Williams outlined Visit Athens’ FY27 budget plan: the organization is funded by a dedicated hotel‑motel tax allocation for destination marketing (31% of total collections, projected at $2.1 million) and anticipates roughly $2.4 million total when housing bureau profit is included. She said marketing and sales — paid advertising, partnerships and trade shows — are the largest line items and stressed efforts to fill room nights for higher‑value groups (56,000 future contracted room nights cited) and to track the economic impact of events.

Commissioners asked about hotel capacity downtown. Williams and staff estimated about 2,000 hotel rooms in Athens and said prior losses (Holiday Inn, Courtyard, Graduate) removed approximately 120 rooms at one point; separate studies cited a shortfall of roughly 300 rooms in the downtown area.
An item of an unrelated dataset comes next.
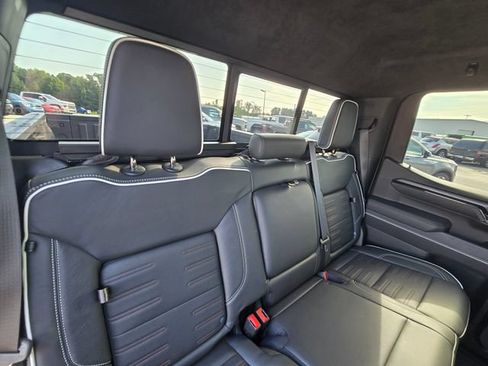 Used 2023 GMC Sierra 1500 AT4X AWD/4WD image 15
Williams said short‑term rentals have helped fill the gap but that appropriate hotel development remains important to attracting large conventions.

Why it matters: Tourism revenue and hotel inventory directly affect the dedicated tax base that funds Visit Athens and related marketing efforts. Commissioners will weigh those revenue projections and room‑inventory constraints when finalizing FY27 allocations.

Materials for the presentation and data notes were placed in the shared folder for commissioners to review; no funding vote occurred at the session.